Michel Marc Bouchard, (born February 2, 1958) is a Canadian playwright. He has received the Prix Journal de Montreal, Prix du Cercle des critiques de l'Outaouais, the Dora Mavor Moore Award for Outstanding New Play, the Floyd S. Chalmers Canadian Play Award, and nine Jessie Richardson Theatre Awards for the Vancouver productions of Lilies and The Orphan Muses.

==Early life==
Born in Saint-Cœur-de-Marie, Quebec, he studied theatre the University of Ottawa.

== Career ==
Bouchard made his professional playwriting debut in 1983 and since then has written more than 25 plays, including The Coronation Voyage (Le voyage du Couronnement), Down Dangerous Passes Road (Le chemin des Passes-dangereuses), and Written on Water (Les manuscrits du déluge). In 1993, Bouchard and his theatre company Les deux mondes were awarded the National Arts Centre Award, a companion award of the Governor General's Performing Arts Awards.
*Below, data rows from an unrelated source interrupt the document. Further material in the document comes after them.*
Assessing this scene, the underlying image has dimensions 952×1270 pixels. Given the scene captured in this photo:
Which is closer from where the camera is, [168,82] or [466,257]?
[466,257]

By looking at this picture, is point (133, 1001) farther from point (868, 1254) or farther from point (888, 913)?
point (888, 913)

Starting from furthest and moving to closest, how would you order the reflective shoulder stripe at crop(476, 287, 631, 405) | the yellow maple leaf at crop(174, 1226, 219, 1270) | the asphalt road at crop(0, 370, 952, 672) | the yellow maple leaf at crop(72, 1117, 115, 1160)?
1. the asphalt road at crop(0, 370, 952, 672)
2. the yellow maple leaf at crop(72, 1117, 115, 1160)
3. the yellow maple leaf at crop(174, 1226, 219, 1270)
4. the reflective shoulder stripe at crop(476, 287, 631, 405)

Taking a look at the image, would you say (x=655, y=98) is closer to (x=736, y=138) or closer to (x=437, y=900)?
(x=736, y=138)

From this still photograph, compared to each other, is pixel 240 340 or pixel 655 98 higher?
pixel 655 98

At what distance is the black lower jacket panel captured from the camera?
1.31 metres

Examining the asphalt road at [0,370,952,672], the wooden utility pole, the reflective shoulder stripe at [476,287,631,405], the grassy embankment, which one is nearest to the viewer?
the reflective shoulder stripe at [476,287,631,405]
His best-known work, the play Lilies, was produced as the movie Lilies by John Greyson; the film won a Genie Award in 1996.
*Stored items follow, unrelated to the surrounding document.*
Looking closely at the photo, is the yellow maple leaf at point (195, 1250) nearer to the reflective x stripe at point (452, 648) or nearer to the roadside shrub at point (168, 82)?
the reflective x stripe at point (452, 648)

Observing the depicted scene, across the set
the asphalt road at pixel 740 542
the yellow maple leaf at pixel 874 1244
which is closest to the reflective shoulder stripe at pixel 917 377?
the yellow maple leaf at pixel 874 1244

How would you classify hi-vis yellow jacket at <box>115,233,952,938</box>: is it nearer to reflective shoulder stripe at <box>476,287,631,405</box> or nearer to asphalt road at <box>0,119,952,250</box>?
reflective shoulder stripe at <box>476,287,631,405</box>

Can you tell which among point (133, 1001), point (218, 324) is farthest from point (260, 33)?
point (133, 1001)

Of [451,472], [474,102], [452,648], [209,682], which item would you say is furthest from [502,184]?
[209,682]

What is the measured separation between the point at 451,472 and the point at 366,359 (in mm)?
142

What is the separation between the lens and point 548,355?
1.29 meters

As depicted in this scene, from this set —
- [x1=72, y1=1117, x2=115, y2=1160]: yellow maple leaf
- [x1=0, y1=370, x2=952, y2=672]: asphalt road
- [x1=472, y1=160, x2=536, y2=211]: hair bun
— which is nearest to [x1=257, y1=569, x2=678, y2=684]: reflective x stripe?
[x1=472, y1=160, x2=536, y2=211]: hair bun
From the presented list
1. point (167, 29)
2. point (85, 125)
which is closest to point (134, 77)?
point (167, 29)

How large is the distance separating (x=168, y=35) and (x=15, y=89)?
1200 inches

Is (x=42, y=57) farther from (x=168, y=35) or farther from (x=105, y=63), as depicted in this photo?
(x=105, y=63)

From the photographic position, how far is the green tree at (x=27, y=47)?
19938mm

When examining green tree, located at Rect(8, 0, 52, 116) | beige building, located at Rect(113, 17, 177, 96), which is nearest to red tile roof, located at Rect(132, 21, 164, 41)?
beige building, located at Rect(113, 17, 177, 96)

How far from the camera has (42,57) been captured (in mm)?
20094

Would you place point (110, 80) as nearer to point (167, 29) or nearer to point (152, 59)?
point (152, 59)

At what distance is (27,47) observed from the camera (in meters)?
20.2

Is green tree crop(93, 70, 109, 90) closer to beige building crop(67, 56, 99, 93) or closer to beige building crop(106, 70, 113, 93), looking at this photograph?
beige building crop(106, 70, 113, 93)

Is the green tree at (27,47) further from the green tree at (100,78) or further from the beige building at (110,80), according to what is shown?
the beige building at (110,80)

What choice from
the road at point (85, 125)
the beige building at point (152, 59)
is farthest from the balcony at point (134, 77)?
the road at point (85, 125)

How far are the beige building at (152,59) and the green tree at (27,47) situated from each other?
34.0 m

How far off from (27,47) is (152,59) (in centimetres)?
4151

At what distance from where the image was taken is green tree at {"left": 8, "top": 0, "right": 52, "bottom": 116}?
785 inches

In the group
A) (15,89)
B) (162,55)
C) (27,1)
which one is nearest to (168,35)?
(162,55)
Bouchard's play The Orphan Muses (Les Muses orphelines), was adapted as a film in 2000 by Robert Favreau. His play The Madonna Painter (Le Peintre des madones) has been translated into English and in 2010 was being performed in Canadian venues and receiving favorable reviews. It premiered in Toronto at the Factory Theatre, November 19, 2009.
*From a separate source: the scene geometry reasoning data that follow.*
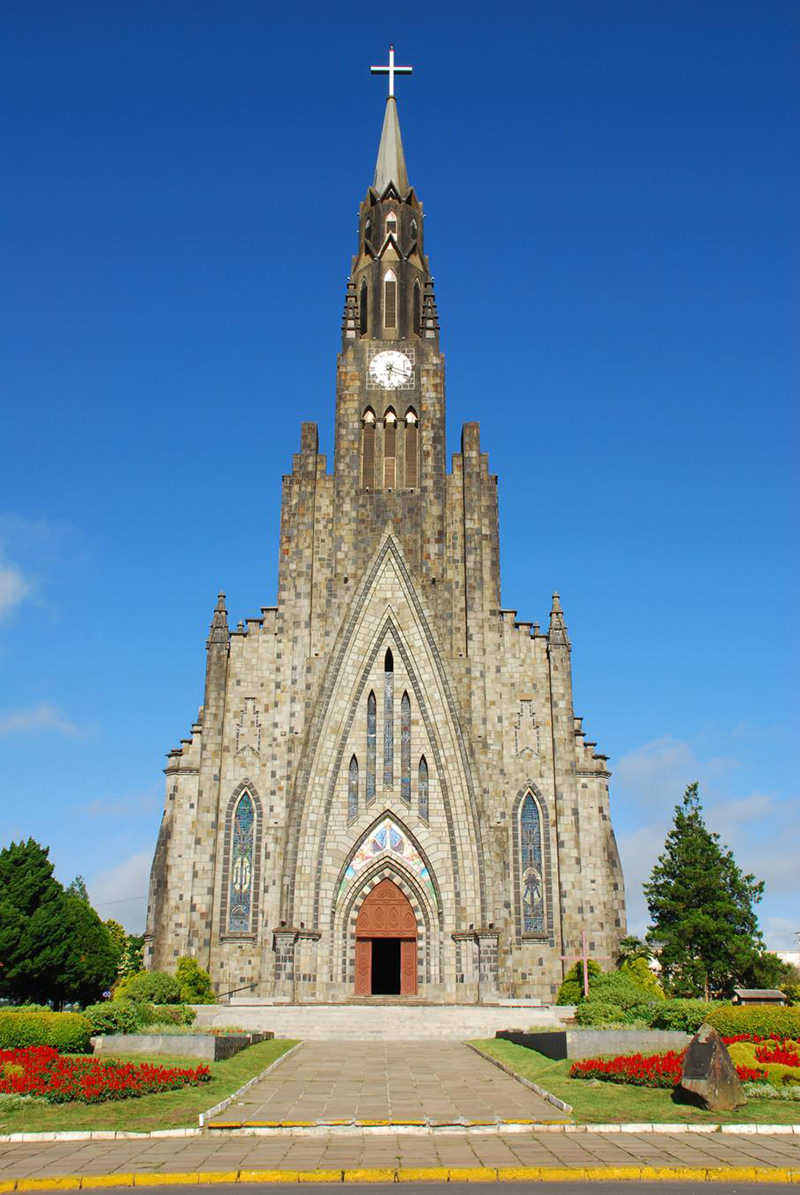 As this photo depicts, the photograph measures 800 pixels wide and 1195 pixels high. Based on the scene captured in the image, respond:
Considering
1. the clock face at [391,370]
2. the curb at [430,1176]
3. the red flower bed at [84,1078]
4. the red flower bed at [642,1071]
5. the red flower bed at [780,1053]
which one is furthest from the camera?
the clock face at [391,370]

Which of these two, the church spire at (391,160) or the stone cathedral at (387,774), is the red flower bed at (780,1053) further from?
the church spire at (391,160)

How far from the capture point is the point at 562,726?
40.3m

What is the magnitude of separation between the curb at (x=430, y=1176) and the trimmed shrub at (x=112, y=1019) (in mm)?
12510

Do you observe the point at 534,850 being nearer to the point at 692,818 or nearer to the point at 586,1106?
the point at 692,818

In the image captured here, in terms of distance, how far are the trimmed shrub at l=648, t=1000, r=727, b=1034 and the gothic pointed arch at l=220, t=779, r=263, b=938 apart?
18.6 meters

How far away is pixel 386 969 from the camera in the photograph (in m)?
43.5

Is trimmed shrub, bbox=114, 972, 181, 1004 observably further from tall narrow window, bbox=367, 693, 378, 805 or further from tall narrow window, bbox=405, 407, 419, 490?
tall narrow window, bbox=405, 407, 419, 490

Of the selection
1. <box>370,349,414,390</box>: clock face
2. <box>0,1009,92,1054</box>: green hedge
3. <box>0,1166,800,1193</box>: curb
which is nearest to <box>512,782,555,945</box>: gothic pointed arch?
<box>370,349,414,390</box>: clock face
Bouchard's play Tom at the Farm (Tom à la ferme) premiered at the Théâtre d'Aujourd'hui in 2011. The play was adapted as a film in 2013 by Xavier Dolan.

In 2012, Bouchard was made a Knight of the National Order of Quebec. In 2021 he was named the recipient of Quebec's Prix Athanase-David for lifetime achievement in literature.

His 2019 play La nuit où Laurier Gaudreault s'est réveillé was adapted for television by Xavier Dolan as The Night Logan Woke Up.

Bouchard has also written the libretti for three operas.
- Les Feluettes is based on his play of the same name (Lilies in English). The music was composed by Kevin March, and the opera was a co-commission and co-production of Opéra de Montréal and Pacific Opera Victoria. The world première production was presented in Montreal in May 2016 and in Victoria in April 2017.
- La beauté du monde, produced by Opéra de Montréal, with music by Julien Bilodeau, premièred in November 2022.
- La Reine-garçon, based on Bouchard’s 2012 play Christine, la reine-garçon, was co-commissioned and co-produced by Opéra de Montréal and the Canadian Opera Company, with music composed by Julien Bilodeau. It was staged in Montreal in February 2024 and in Toronto a year later.

In 2023 he was named the recipient of the Blue Metropolis Violet Prize for LGBTQ writers.

We'll Find Happiness (On sera heureux), Bouchard's first original screenplay not adapted from one of his own theatrical plays, went into production in 2024 under the direction of Léa Pool, and is slated for release in 2025.